Hu MY, et al. conducted a study (published in 2009) to prospectively derive and validate a clinical prediction rule for recurrent CDI.

Methods: The clinical prediction rule included the following variables: age >65 years, severe or fulminant illness (by the Horn index), and additional antibiotic use after CDI therapy. A second rule combined data on serum concentrations of immunoglobulin G (IgG) against toxin A with the clinical predictors. Both rules were then evaluated prospectively in 89 patients with CDI.

Presence of each of the 3 variables in the clinical prediction rule was assigned a score of 1 and the total score was summed to predict risk of recurrent CDI. The severity was classified on the basis of total score as follows;

  • Score 0: Low risk; 0% recurrence rate
  • Score 1: Low risk; 33.3% recurrence rate
  • Score 2: High risk; 71.4% recurrence rate
  • Score 3: High risk; 87.5% recurrence rate

Conclusions: The clinical prediction rule discriminated between patients with and without recurrent CDI, in the validation cohort. The rule correctly classified 77.3% and 71.9% of patients in the derivation and validation cohorts, respectively. The combined rule performed well in the derivation cohort but not in the validation cohort

The authors concluded that the clinical prediction rule for predicting recurrent CDI is reliable and accurate and can be used to identify high risk patients most likely to benefit from prophylactic measures.

References:

Bartlett JG, Gerding DN. Clinical recognition and diagnosis of Clostridium difficile infection. Clin Infect Dis. 2008;46 Suppl 1:S12-8.

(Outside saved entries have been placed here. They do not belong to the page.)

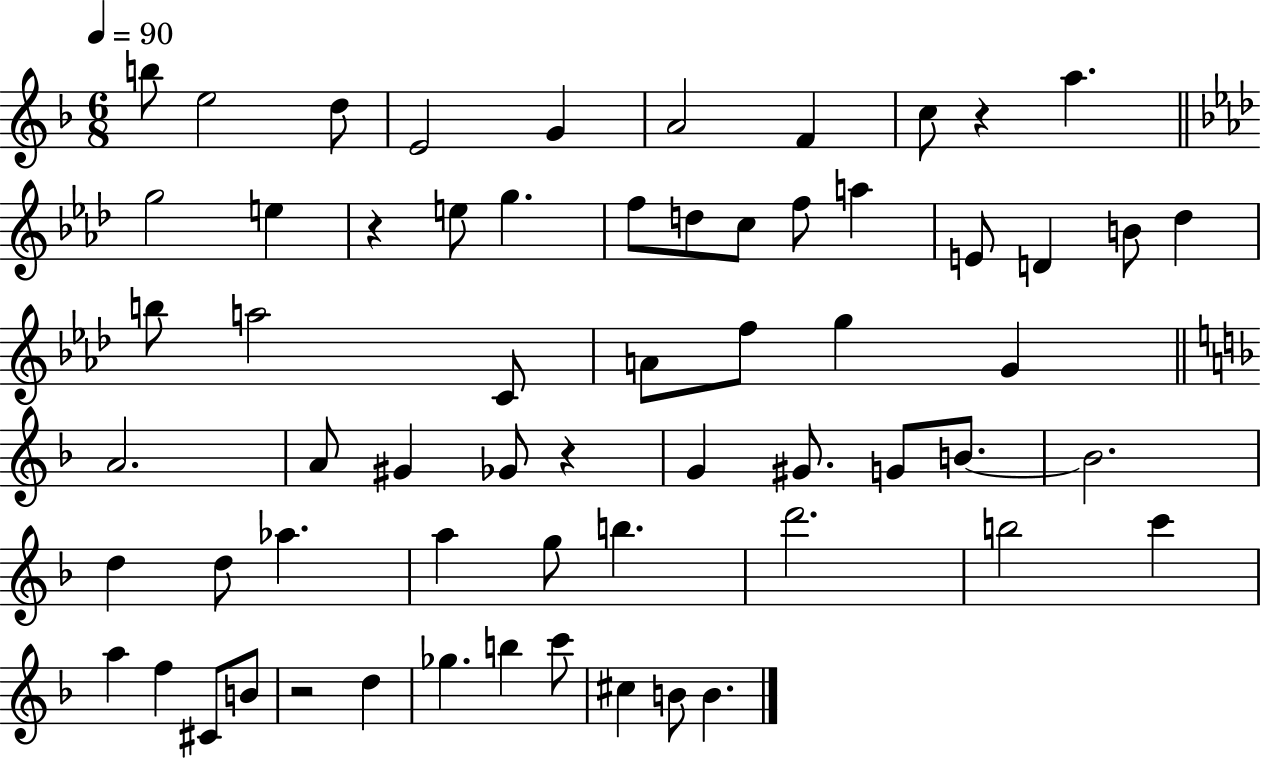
B5/e E5/h D5/e E4/h G4/q A4/h F4/q C5/e R/q A5/q. G5/h E5/q R/q E5/e G5/q. F5/e D5/e C5/e F5/e A5/q E4/e D4/q B4/e Db5/q B5/e A5/h C4/e A4/e F5/e G5/q G4/q A4/h. A4/e G#4/q Gb4/e R/q G4/q G#4/e. G4/e B4/e. B4/h. D5/q D5/e Ab5/q. A5/q G5/e B5/q. D6/h. B5/h C6/q A5/q F5/q C#4/e B4/e R/h D5/q Gb5/q. B5/q C6/e C#5/q B4/e B4/q.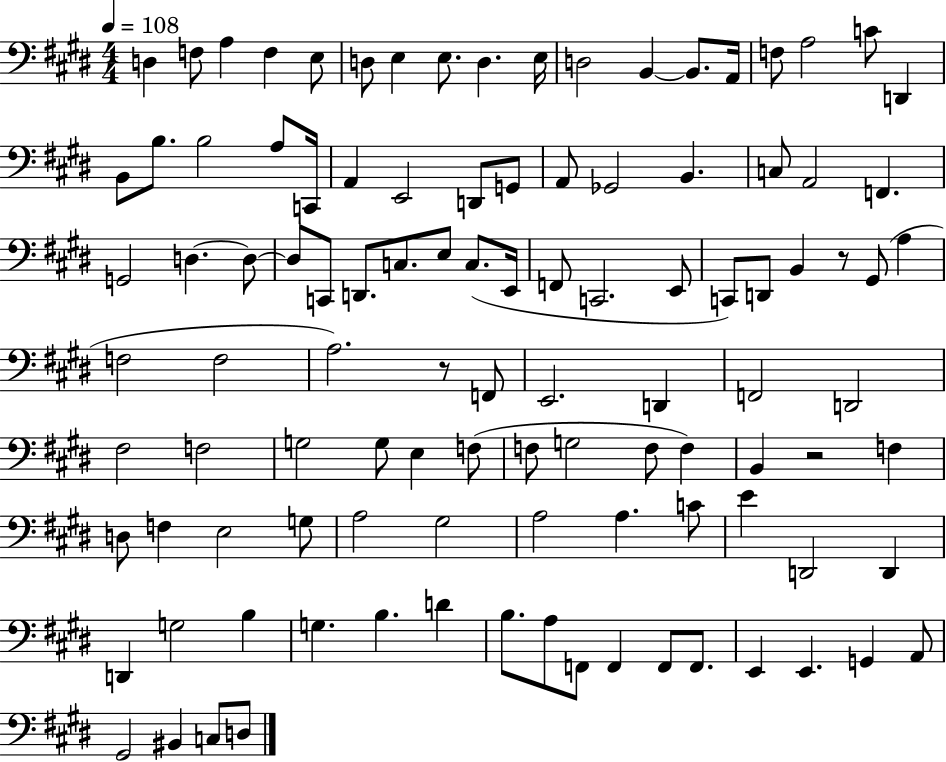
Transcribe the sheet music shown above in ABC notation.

X:1
T:Untitled
M:4/4
L:1/4
K:E
D, F,/2 A, F, E,/2 D,/2 E, E,/2 D, E,/4 D,2 B,, B,,/2 A,,/4 F,/2 A,2 C/2 D,, B,,/2 B,/2 B,2 A,/2 C,,/4 A,, E,,2 D,,/2 G,,/2 A,,/2 _G,,2 B,, C,/2 A,,2 F,, G,,2 D, D,/2 D,/2 C,,/2 D,,/2 C,/2 E,/2 C,/2 E,,/4 F,,/2 C,,2 E,,/2 C,,/2 D,,/2 B,, z/2 ^G,,/2 A, F,2 F,2 A,2 z/2 F,,/2 E,,2 D,, F,,2 D,,2 ^F,2 F,2 G,2 G,/2 E, F,/2 F,/2 G,2 F,/2 F, B,, z2 F, D,/2 F, E,2 G,/2 A,2 ^G,2 A,2 A, C/2 E D,,2 D,, D,, G,2 B, G, B, D B,/2 A,/2 F,,/2 F,, F,,/2 F,,/2 E,, E,, G,, A,,/2 ^G,,2 ^B,, C,/2 D,/2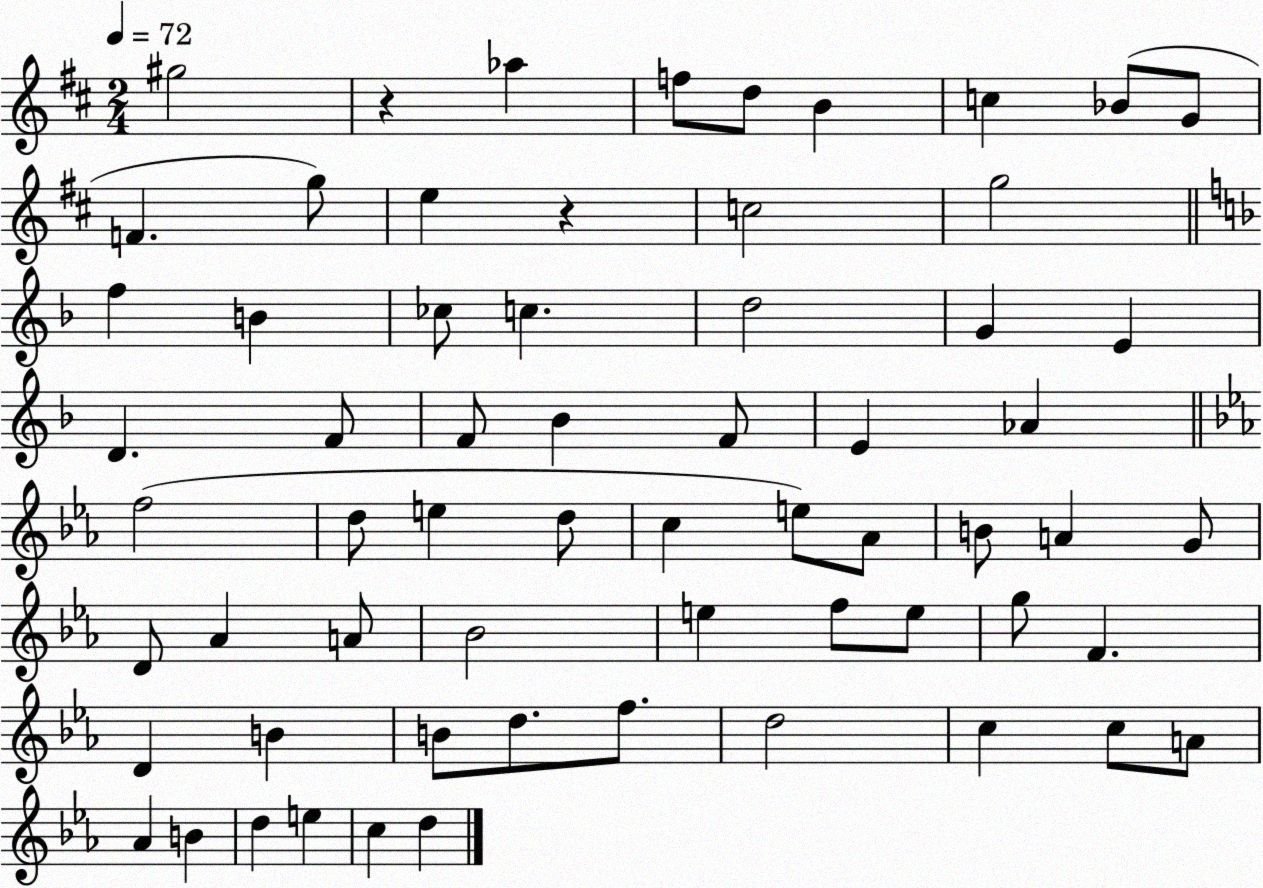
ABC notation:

X:1
T:Untitled
M:2/4
L:1/4
K:D
^g2 z _a f/2 d/2 B c _B/2 G/2 F g/2 e z c2 g2 f B _c/2 c d2 G E D F/2 F/2 _B F/2 E _A f2 d/2 e d/2 c e/2 _A/2 B/2 A G/2 D/2 _A A/2 _B2 e f/2 e/2 g/2 F D B B/2 d/2 f/2 d2 c c/2 A/2 _A B d e c d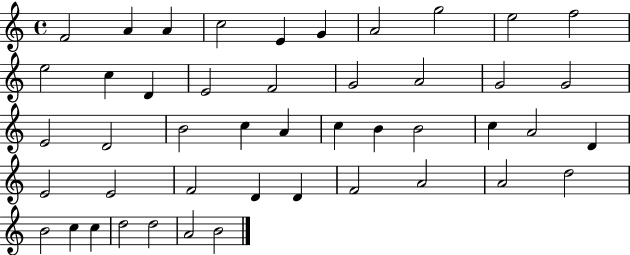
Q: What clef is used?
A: treble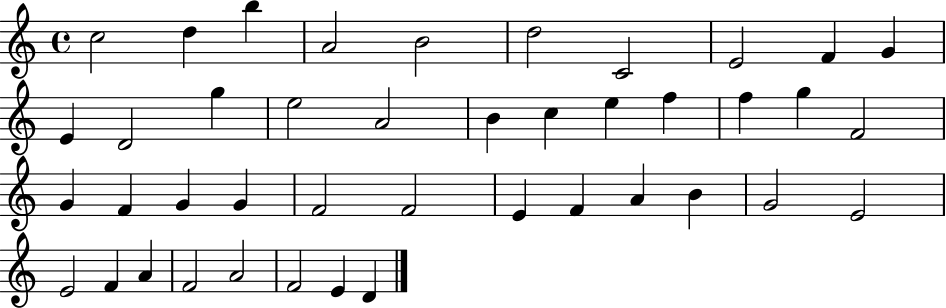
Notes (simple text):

C5/h D5/q B5/q A4/h B4/h D5/h C4/h E4/h F4/q G4/q E4/q D4/h G5/q E5/h A4/h B4/q C5/q E5/q F5/q F5/q G5/q F4/h G4/q F4/q G4/q G4/q F4/h F4/h E4/q F4/q A4/q B4/q G4/h E4/h E4/h F4/q A4/q F4/h A4/h F4/h E4/q D4/q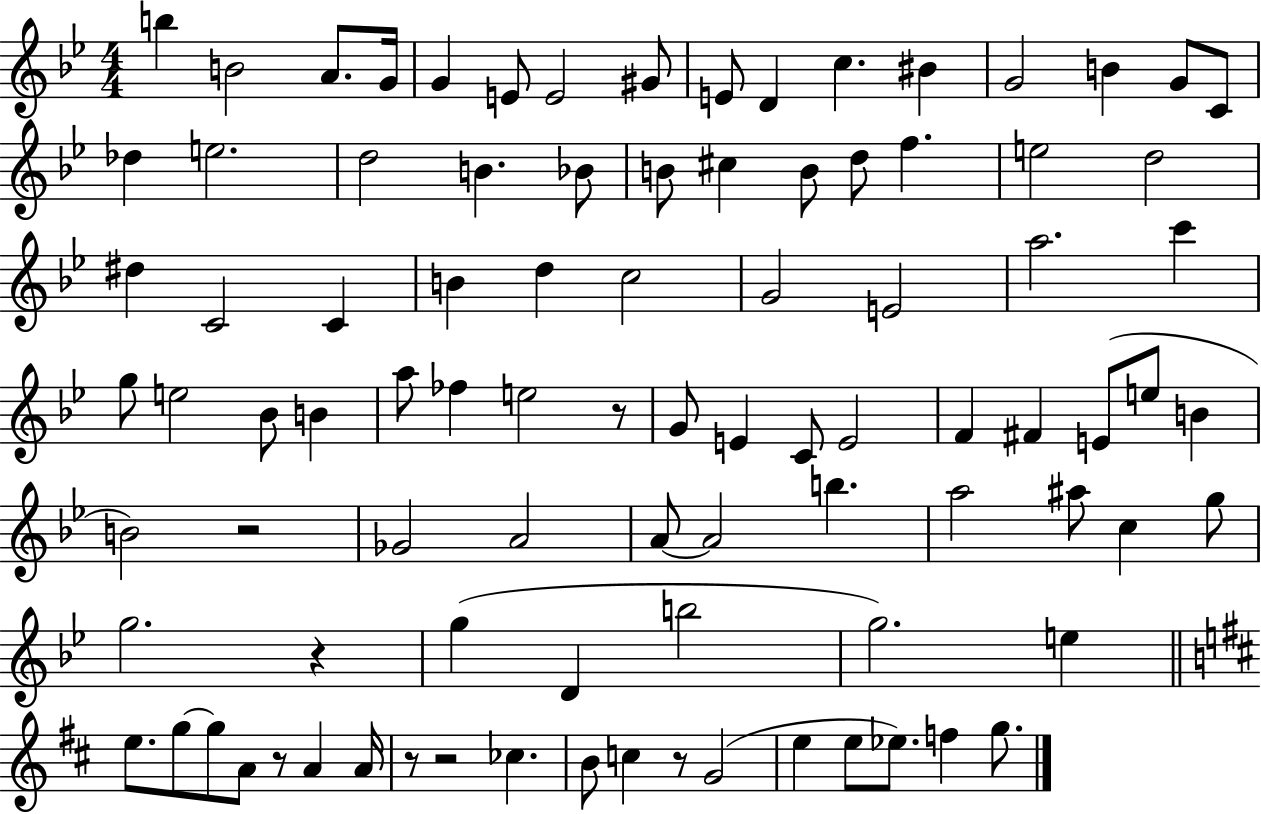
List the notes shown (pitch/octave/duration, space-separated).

B5/q B4/h A4/e. G4/s G4/q E4/e E4/h G#4/e E4/e D4/q C5/q. BIS4/q G4/h B4/q G4/e C4/e Db5/q E5/h. D5/h B4/q. Bb4/e B4/e C#5/q B4/e D5/e F5/q. E5/h D5/h D#5/q C4/h C4/q B4/q D5/q C5/h G4/h E4/h A5/h. C6/q G5/e E5/h Bb4/e B4/q A5/e FES5/q E5/h R/e G4/e E4/q C4/e E4/h F4/q F#4/q E4/e E5/e B4/q B4/h R/h Gb4/h A4/h A4/e A4/h B5/q. A5/h A#5/e C5/q G5/e G5/h. R/q G5/q D4/q B5/h G5/h. E5/q E5/e. G5/e G5/e A4/e R/e A4/q A4/s R/e R/h CES5/q. B4/e C5/q R/e G4/h E5/q E5/e Eb5/e. F5/q G5/e.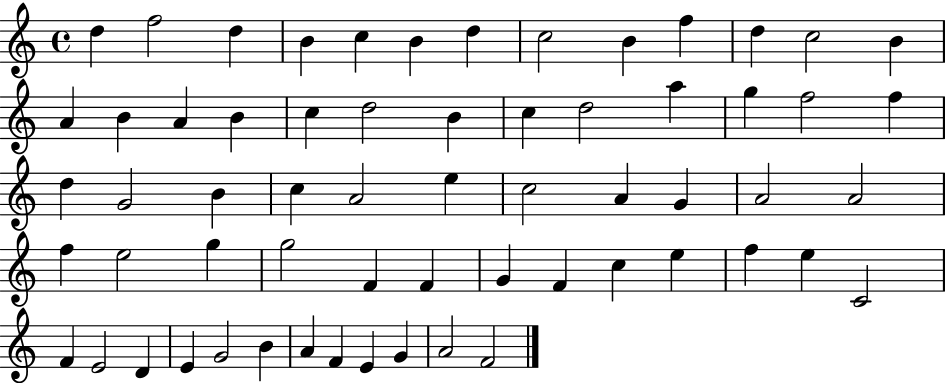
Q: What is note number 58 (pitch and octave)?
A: F4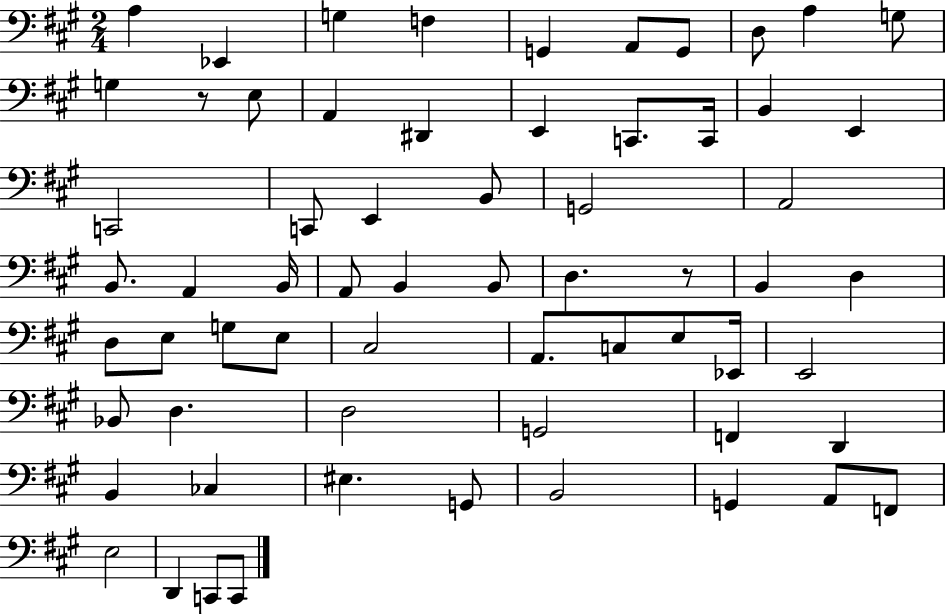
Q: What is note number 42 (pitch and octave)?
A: E3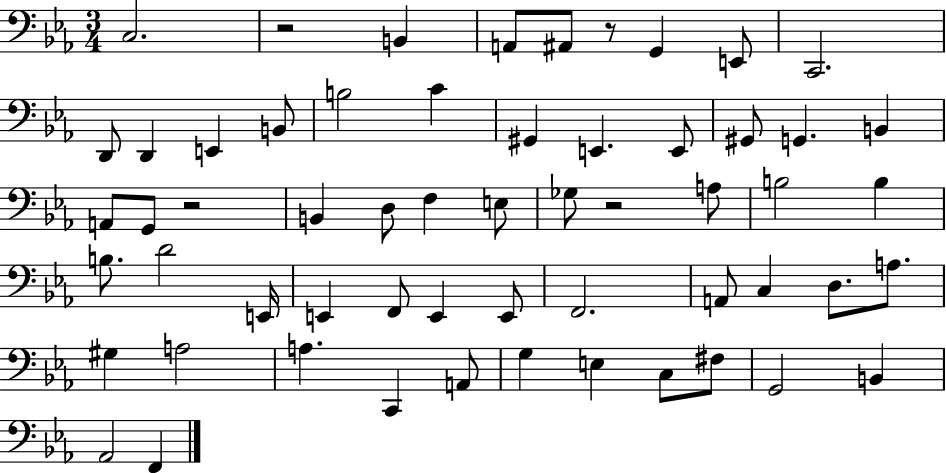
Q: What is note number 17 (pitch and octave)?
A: G#2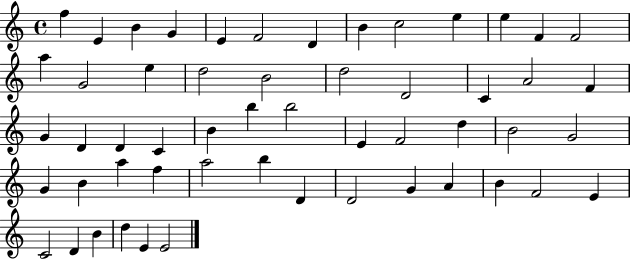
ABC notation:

X:1
T:Untitled
M:4/4
L:1/4
K:C
f E B G E F2 D B c2 e e F F2 a G2 e d2 B2 d2 D2 C A2 F G D D C B b b2 E F2 d B2 G2 G B a f a2 b D D2 G A B F2 E C2 D B d E E2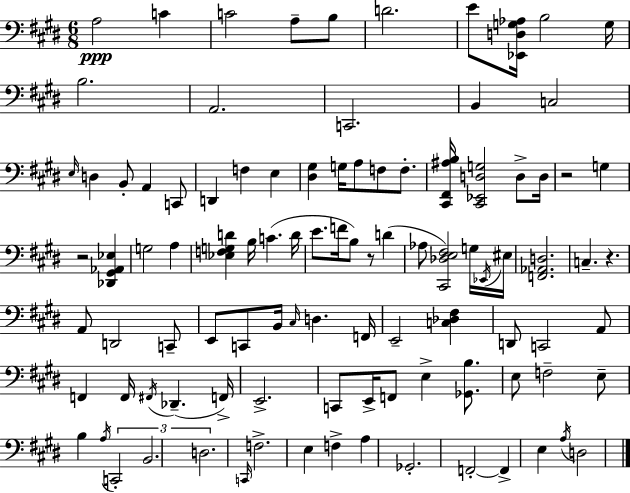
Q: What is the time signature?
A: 6/8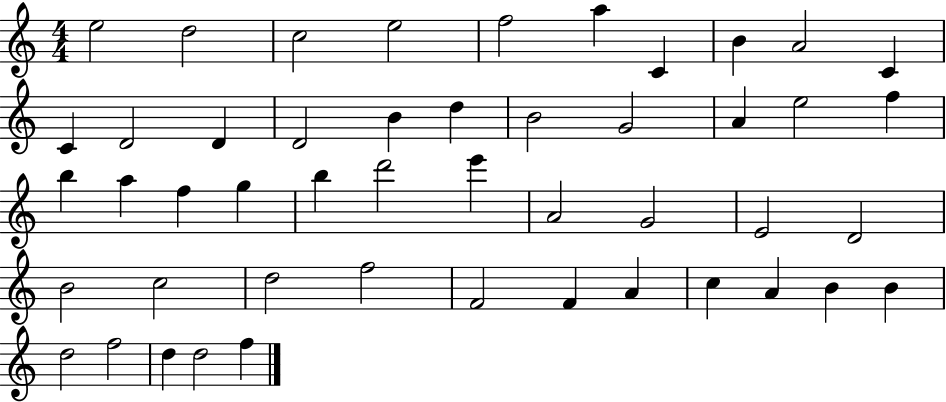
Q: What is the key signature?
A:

Garey KW, Dao-tran TK, Jiang ZD, et al. A clinical risk index for Clostridium difficile infection in hospitalised patients receiving broad-spectrum antibiotics. J Hosp Infect. 2008;70(2):142-7.

Garey KW, Sethi S, Yadav Y, et al. Meta-analysis to assess risk factors for recurrent Clostridium difficile infection. J Hosp Infect. 2008;70(4):298-304.

Hu MY, Katchar K, Kyne L, et al. Prospective derivation and validation of a clinical prediction rule for recurrent Clostridium difficile infection. Gastroenterology. 2009;136(4):1206-14.